Being able to quickly refer to brackets and their draws will be helpful for this article so check them out here: Big 10, Big 12, EIWA, ACC, and Pac 12.


Pat McKee, Minnesota (8th Seed) Big 10 125 

Ok, this one isn’t fair, but I’m starting with a gimme early.  Pat got 3rd at NCAA’s last year but has struggled to reach that level again.  Pat has struggled but is still an impressive 3-0 against Iowa’s Drake Ayala.  It’s not as though he hasn’t had any success.  He’s likely to fall to Suriano early, but on the backside is right where McKee terrorized last year at NCAA’s.

Kysen Terukina, Iowa State (6th seed) Big 12 125

Terukina has been a fun surprise this year for Iowa State.  17-3 with losses to Surtin (deceiving 7-1 loss, look into it), Teske, and Prata.  He is cat-quick with really smooth leg attacks.  If he were in the Big 12 finals, I wouldn’t bat an eye. 

Joey Prata, Oklahoma (7th seed) Big 12 125 

As I mentioned, Prata knocked off Kysen earlier this year, but he’s also won his last 6 headed into Big 12’s avenging a loss to Trevor Mastrogiovanni along the way.  Prata is tough to score on and a good leg rider.  

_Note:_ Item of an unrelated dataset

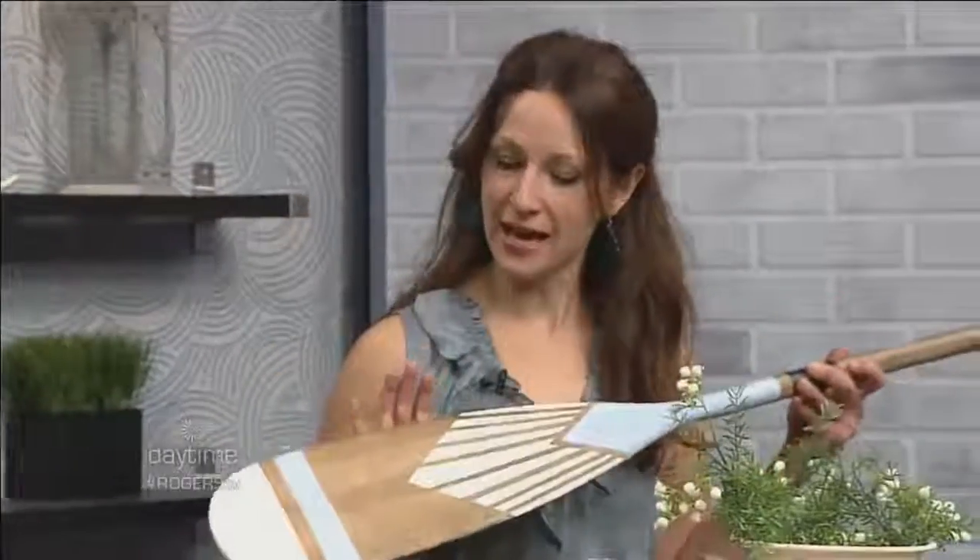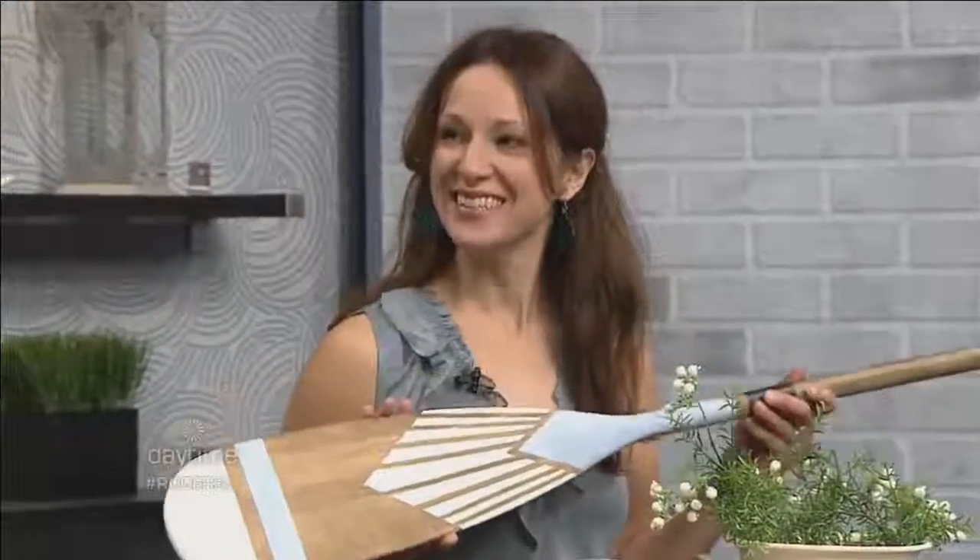You've got an oar in your hand there or something. I have a painted paddle. A painted paddle — let's get into that in seconds. We don't want to give everything away right at the beginning.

Drake Ayala, Iowa (6th Seed) Big 10 125  

I think Drake makes the finals.  His low seed isn’t much of a detriment given his path.  It won’t be easy, and a match against HIldebrandt will be a huge challenge, but he can go with just about anyone on their feet.  


King Sandoval, Maryland (13th seed) Big 10 133 

Ok yes, I know.  He’s just a bit above .500 with a 15-13 record.  But did you know that 13 of his 15 wins were by pinfall?  So quit your naysaying.

Chris Cannon, Northwestern (7th Seed) Big 10 133  

Last year Cannon knocked off Michael McGee (via pinfall) and another All-American in Louie Hayes.  While he’ll hit DeSanto early, he should be set up for some revenge against Ragusin, Foley, and Byrd, all of who beat him this season.

Anthony Madrigal, Oklahoma (7th seed) Big 12 133

Madrigal started the season knocking off #5 Lucas Byrd, #7 Rayvon Foley, and #8 Dylan Ragusin.  He’s opposite Daton, so there’s a navigable path to the finals for the Sooner.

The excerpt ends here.